El fuego como catarsis en el feminismo y las marchas

Por Alexia Rodríguez

Cada 8 de marzo, cuando la marcha por el Día Internacional de la Mujer llega a su fin, la plancha del Zócalo de la Ciudad de México —al igual que otros rincones del país y del mundo— se convierte en un santuario de llamas y voces. En el fulgor de una hoguera colectiva, las mujeres congregadas entregan al fuego sus carteles, aquellos en los que plasmaron denuncias, inconformidades y anhelos de justicia. Las llamas devoran el papel, pero no el mensaje: lo elevan, lo transforman en ceniza y eco, en un acto de resistencia que arde con la memoria de quienes lucharon antes y la determinación de quienes aún luchan.

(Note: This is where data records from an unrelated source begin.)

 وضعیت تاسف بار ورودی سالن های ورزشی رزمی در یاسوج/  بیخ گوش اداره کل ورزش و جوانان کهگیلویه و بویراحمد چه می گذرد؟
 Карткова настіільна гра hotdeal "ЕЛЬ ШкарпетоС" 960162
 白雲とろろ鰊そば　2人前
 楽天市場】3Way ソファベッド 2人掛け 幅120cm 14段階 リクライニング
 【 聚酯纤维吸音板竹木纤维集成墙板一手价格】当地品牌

El fuego es un símbolo ambivalente: puede ser destructor o purificador, puede consumir o iluminar. En las marchas feministas, cuando las llamas envuelven carteles, pancartas o incluso objetos que representan estructuras opresivas, el fuego se convierte en un acto de denuncia y resistencia. No es simple vandalismo, como algunos insisten en señalar, sino una forma de protesta cargada de historia y significado.

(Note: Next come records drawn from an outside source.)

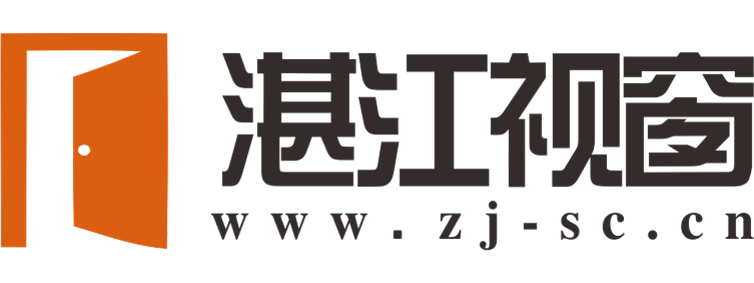 湛江视窗【新闻资讯-科技-汽车-娱乐-综合新闻门户网站】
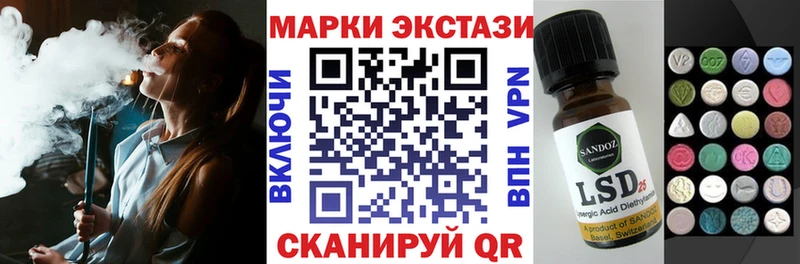 Марки 25I-NBOMe 1,5мг  Советск 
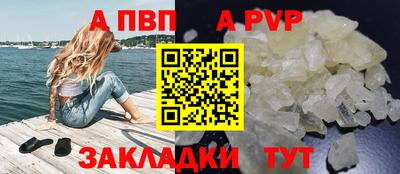 гидропоника Первоуральск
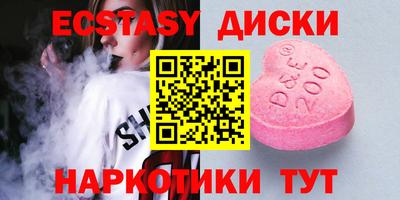 метадон Славгород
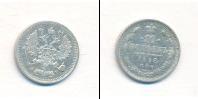 Монета 1894 – 1917 Николай II 10 копеек Серебро 1898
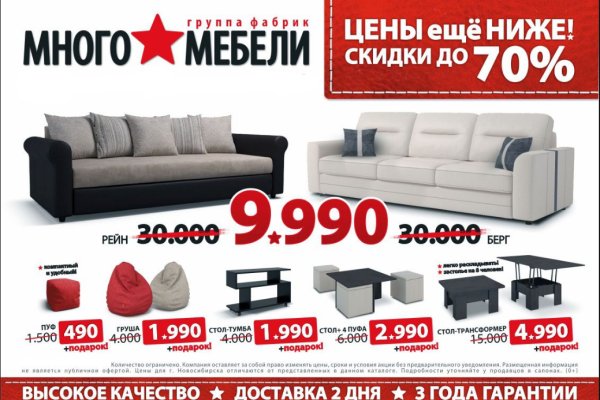 Кракен зайти зеркало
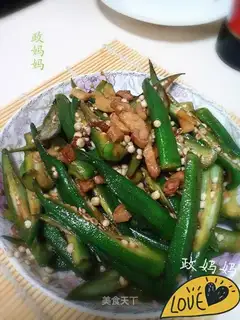 Autumn fried meat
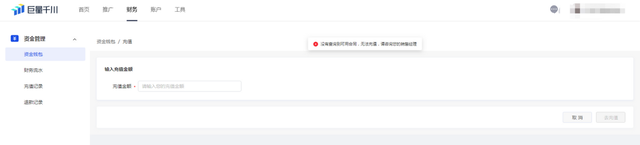 巨量千川推广充值怎么充 二郎查二类电商问答 巨量千川推广充值怎么充 二郎查二类电商问答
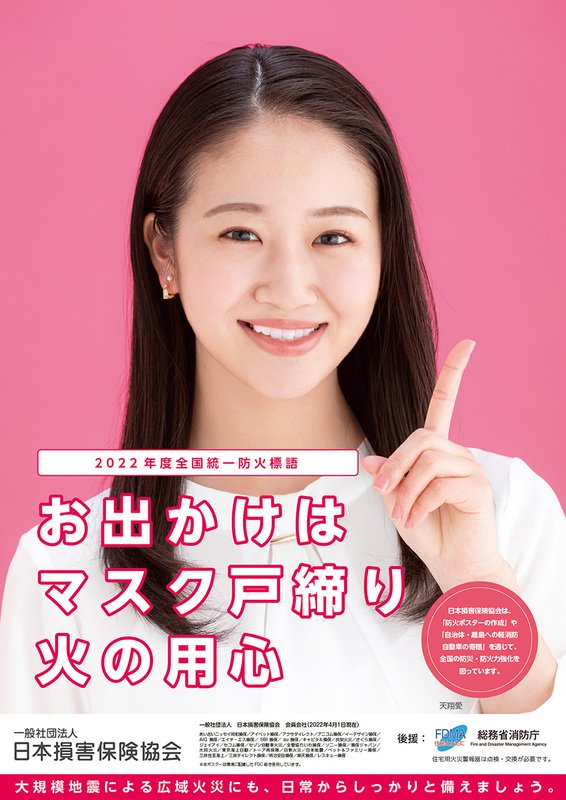 2020全国統一防火標語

A lo largo de los siglos, las mujeres han sido asociadas con el fuego de múltiples maneras; desde las brujas quemadas en la hoguera hasta las mujeres que en la actualidad incendian el miedo con su protesta, el fuego ha acompañado la lucha por la libertad. En un mundo que nos ha querido sumisas, ver las llamas al final de una marcha es recordar que el feminismo exige justicia.

El fuego en las manifestaciones feministas es un grito colectivo. Representa la rabia acumulada por siglos de violencia de género, por la impunidad para los agresores, así como la indiferencia en la mayoría de los casos por parte de algunos integrantes del actual poder judicial.

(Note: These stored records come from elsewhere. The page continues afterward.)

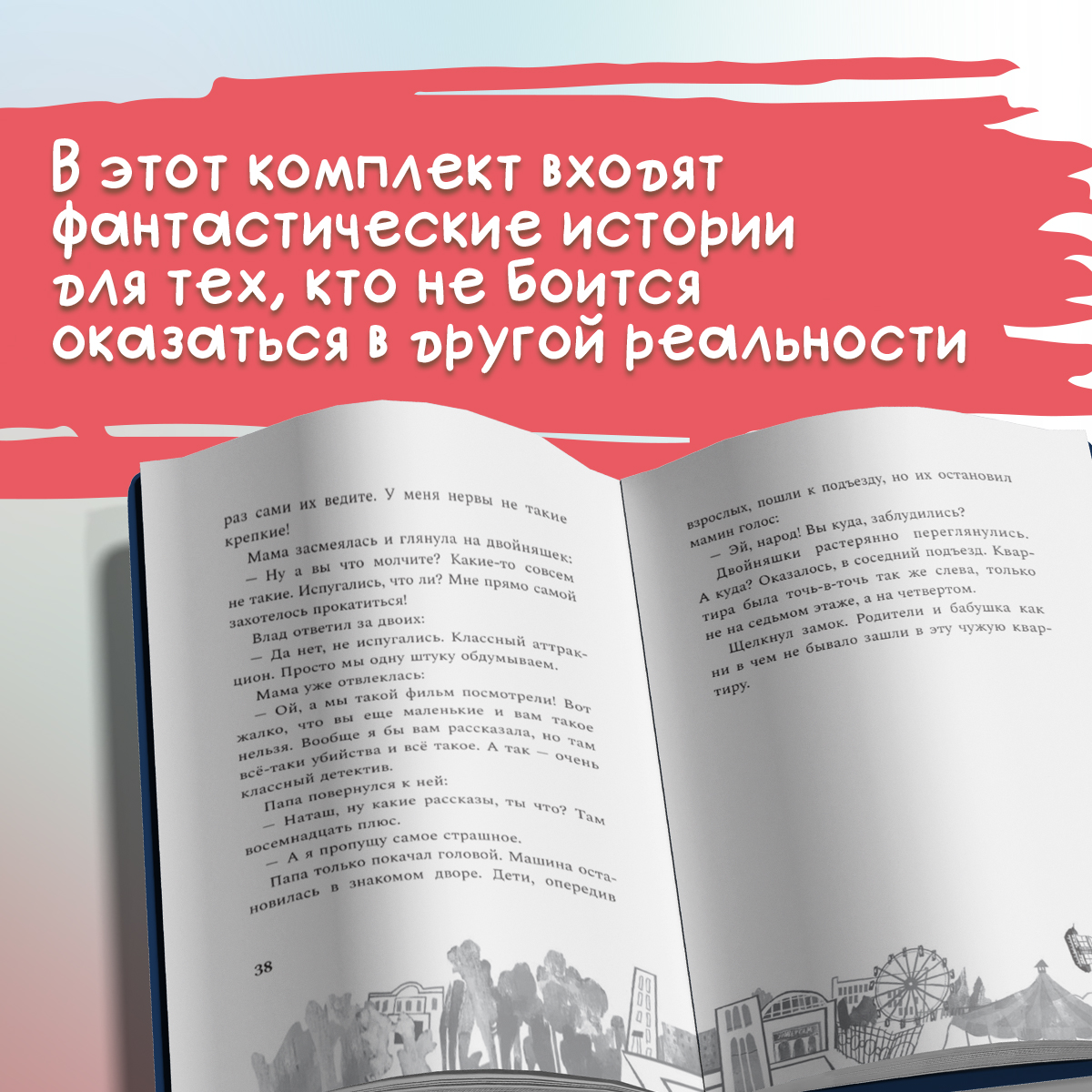 Книга Пять четвертей О фантастических мирах Комплект из 3-х книг - фото 5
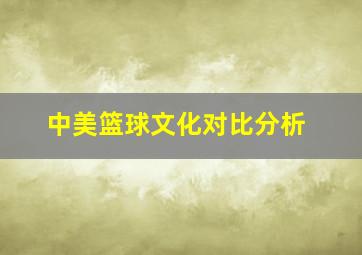 中美篮球文化对比分析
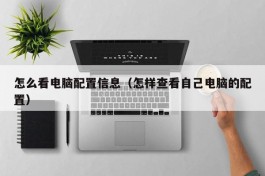 怎么看电脑配置信息（怎样查看自己电脑的配置）
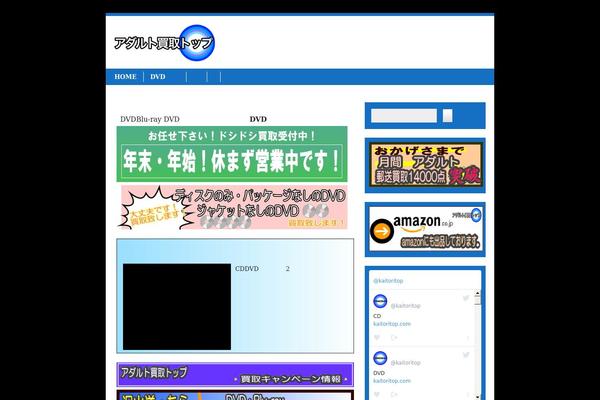 zeeBusiness theme site design template sample
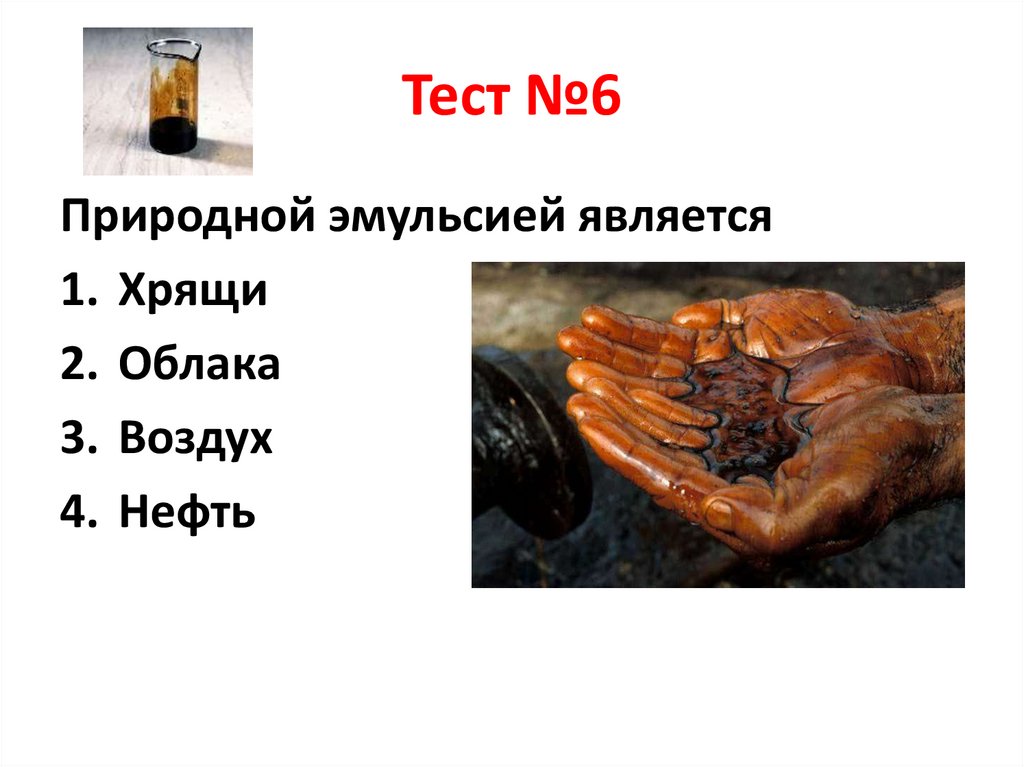 Тест №6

Compartir la experiencia del fuego en una marcha feminista refuerza la conexión entre mujeres, generando una sensación de unidad y fuerza, una catarsis colectiva y sorora, un recordatorio de que hay heridas abiertas que la sociedad no puede seguir ignorando.

 

Para algunas personas, ver carteles y consignas arder puede parecer una contradicción con la idea de paz y diálogo. Sin embargo, la historia nos demuestra que las transformaciones sociales no siempre se logran con discursos moderados. Muchas de las conquistas feministas fueron tachadas de radicales en su momento, desde el derecho al voto desde 1893 en Nueva Zelanda hasta la legalización del aborto en algunos países, como en México en 2007.

La quema de carteles en una marcha feminista no es un acto irracional como el discurso de derecha y opresor lo caracteriza, sino un mensaje simbólico. Se quema la injusticia, se quema la opresión, se quema el silencio impuesto. Es la forma en que algunas encuentran una vía para canalizar su dolor y su resistencia. No se trata solo de llamar la atención, sino de transmitir con fuego lo que muchas veces se ignora con palabras.

El feminismo no es homogéneo, y dentro del movimiento hay quienes consideran que el fuego no es la mejor herramienta de protesta. Otras, en cambio, ven en las llamas un lenguaje legítimo dentro de la lucha. Lo cierto es que ninguna revolución ha sido completamente ordenada, ni ha seguido las normas dictadas por quienes ostentan el poder.

Más allá de las polémicas que este tipo de actos puedan generar en la sociedad, la pregunta clave no debería ser si el fuego es adecuado o no, sino por qué las mujeres siguen teniendo que marchar, gritar y, en algunos casos, quemar para ser escuchadas. La rabia no surge de la nada; es la respuesta a un sistema que sigue normalizando la violencia y la desigualdad.

El fuego en las marchas feministas no es un fin en sí mismo, sino un reflejo de una urgencia histórica. Es una chispa que aviva el debate, que incomoda, que desafía. Como toda llama, tiene el potencial de iluminar el camino hacia una sociedad más justa, si es que alguien se atreve a mirar más allá de las cenizas.